- Stored data
---*---
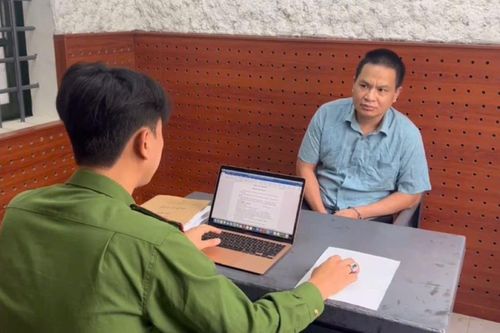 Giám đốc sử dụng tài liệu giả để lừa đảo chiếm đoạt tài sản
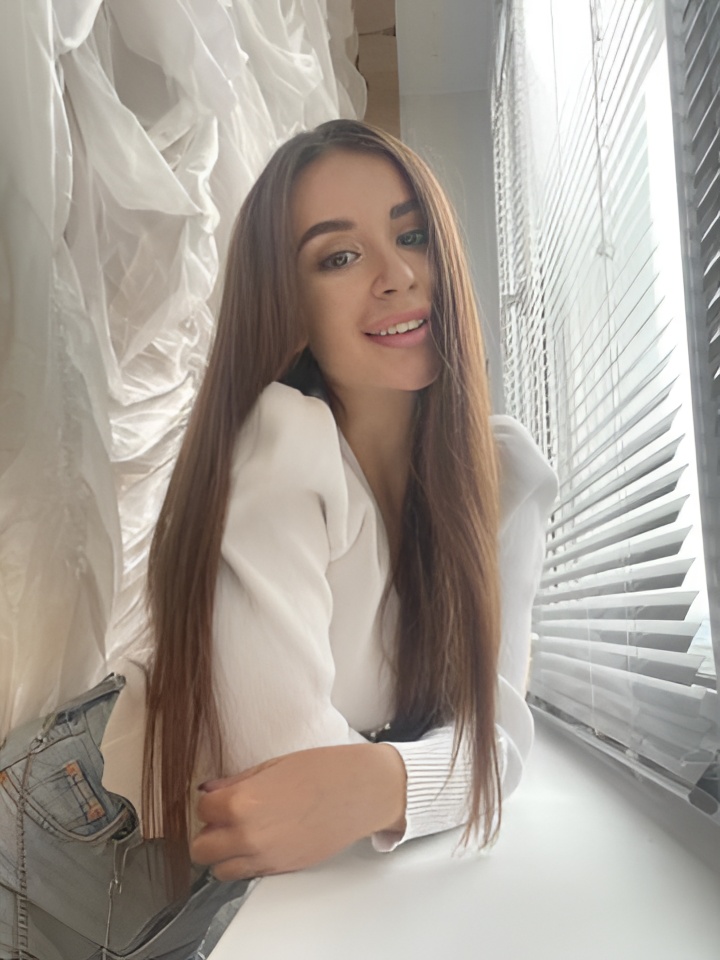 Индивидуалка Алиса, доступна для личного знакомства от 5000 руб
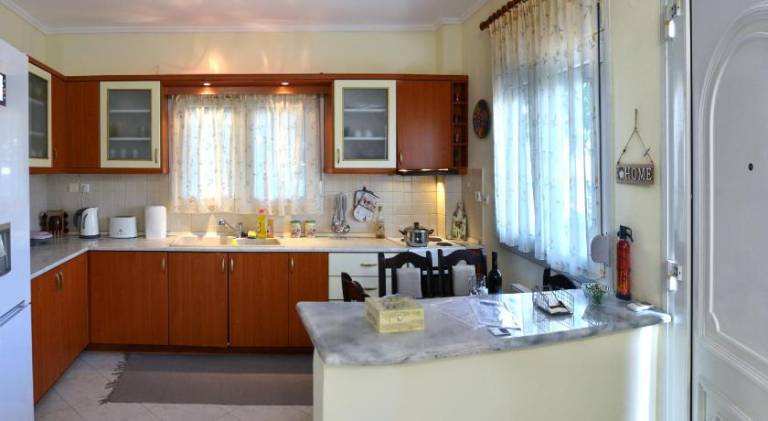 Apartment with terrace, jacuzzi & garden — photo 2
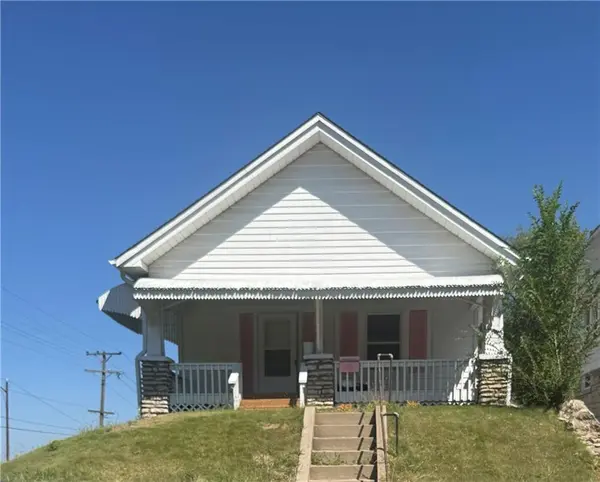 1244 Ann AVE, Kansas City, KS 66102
---*---
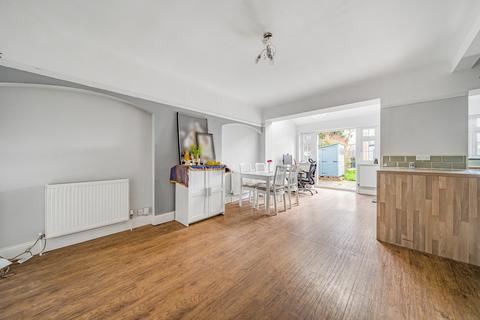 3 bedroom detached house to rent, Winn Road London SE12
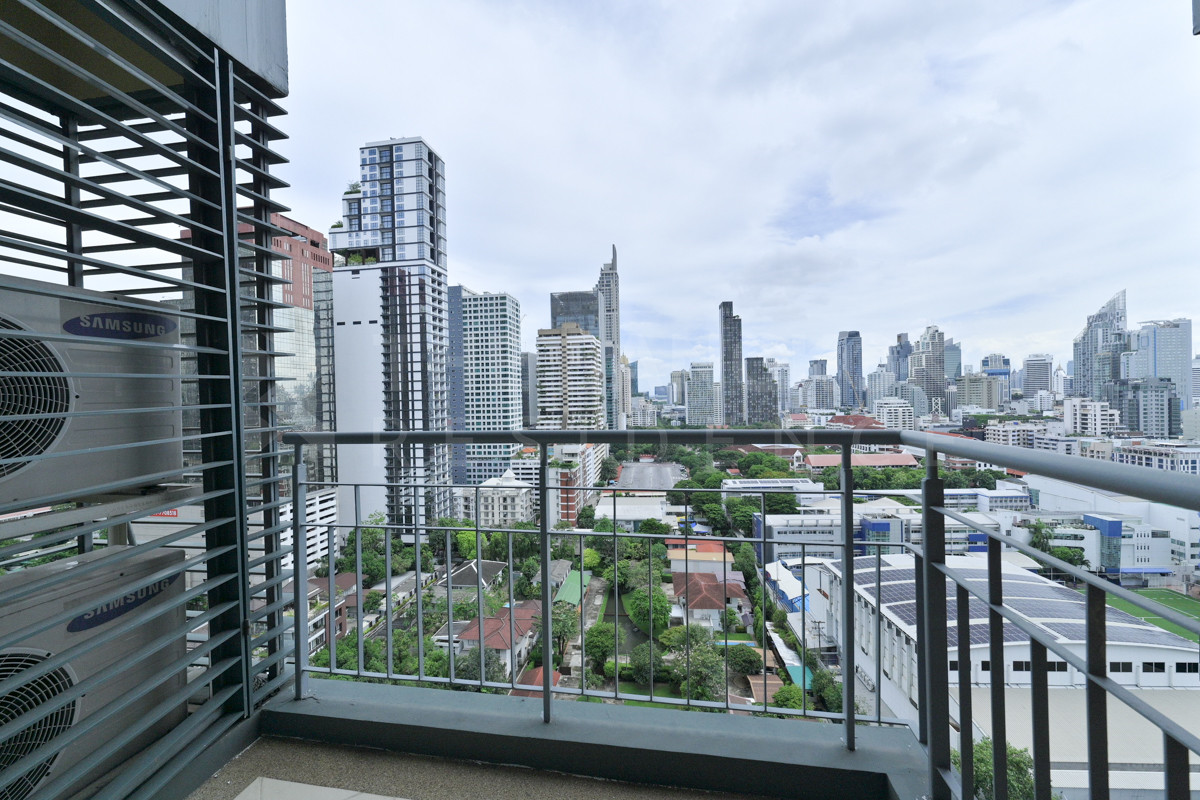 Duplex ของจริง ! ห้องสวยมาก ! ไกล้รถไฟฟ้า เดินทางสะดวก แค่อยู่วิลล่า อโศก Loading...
---*---
- Work order
Once the line with "3 bedroom detached" has been found above, output that line and every later line exactly, stopping after the line with "Duplex ของจริง !", and omit the pictures.

- Solution for this problem
 3 bedroom detached house to rent, Winn Road London SE12
 Duplex ของจริง ! ห้องสวยมาก ! ไกล้รถไฟฟ้า เดินทางสะดวก แค่อยู่วิลล่า อโศก Loading...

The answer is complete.